Thursday, March 27, 2014

Katri Huutoniemi, "Evaluating interdisciplinary research"


There is little knowledge or consensus on how to evaluate interdisciplinary research, which does not seem to fit in well with the current system for producing scientific knowledge. The chapter by Katri Huutoniemi analyzes the key characteristics and challenges of interdisciplinary assessment by drawing insights from the conceptual and pragmatic discussions of interdisciplinary research, empirical analyses of evaluation activities, and initiatives and experiences of participating organizations. It introduces the central challenges involved in evaluating interdisciplinary research and focuses attention not on the criteria used to conduct interdisciplinary research, but on the perspectives used to evaluate it, and highlights the consequential role of both concepts and practices in defining merit: First, it shows how different conceptualizations of interdisciplinarity shape assumptions about quality; and second, it discusses how values are actively constructed by the people and practices involved. 

At the beginning of the chapter she defined a interdisciplinary as "a genus of integrative research activities that combine more than one discipline, field, or body of knowledge" and differentiate from the term transdiciplinary which refers to "trans-sector problem solving where various stakeholders in society are actively involved in knowledge production." 

Although interdisciplinary research is not easily amenable to evaluation, she valued the key functions of interdisciplinary research evaluation, which can be summarized as follows: 

  • needed for organizational learning and improvement of performance and quality of research activities
  • to bolster the credibility of research; it helps to legitimate research and its results
  • accountability and transparency in the use of public funds
  • not only for separating the qualified from the unqualified, but also for distinguishing between competing types of high-quality research 


Next, the author distinguished between three evaluative approaches to interdisciplinary research that "highlights some key features of interdisciplinary as a special type of challenge for research evaluation": (1) mastering multiple disciplines, (2) emphasizing integration and synergy, and (3) critiquing disciplinarity. 
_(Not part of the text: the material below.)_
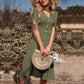 Green Button - Down V - Neck Dress - Purpose + Passion Boutique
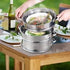 Pyrosteel 3 Tier 24cm Steamer Set Double Boilers & Steamer Insert The Cooks Kitchen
(1) mastering multiple disciplines 

  • baseline for assessment: disciplinary originality or excellence
  • good interdisciplinary research must fulfill existing methodological requirements and theoretical standards
  • greater challenge for interdisciplinary scholars, because it's hard to be met expert and generalist criteria at the same time
  • reception problems, incompatibility of different disciplinary standards


(2) emphasizing integration and synergy

  • baseline for assessment: create a new model of excellence
  • need to combine knowledge resources in order to develop an integrated product
  • proponents of the view: within boundary-crossing organization, consultants, or practitioners


(3) critiquing disciplinarily

  • views disciplinarily and interdisciplinary as strongly opposed: interdisciplinary as the force that diverts the discipline-driven direction of knowledge production
  • undermine the prevailing status of disciplinary standards in the pursuit of a non-disciplinary, integrated knowledge system
  • difficulties of evaluating interdisciplinary research will not be overcome by creating new quality standards for that type of research, but by transforming the prevailing ethnocentrism and mutual ignorance between disciplines
  • quality judgment should be made by using external criteria but no recipe for how to do it


This framework helps to identify the relevant epistemic stakeholders, the functions and benefits of proposed research, as well as the methodological procedures for accomplishing the stated goals, which constitute the prerequisite for any evaluative act. It argues that these competing positions on interdisciplinarity shape assumptions about quality and how it should be evaluated, while the actual process of evaluation with various social, cognitive, and pragmatic aspects also plays an important role in quality judgments.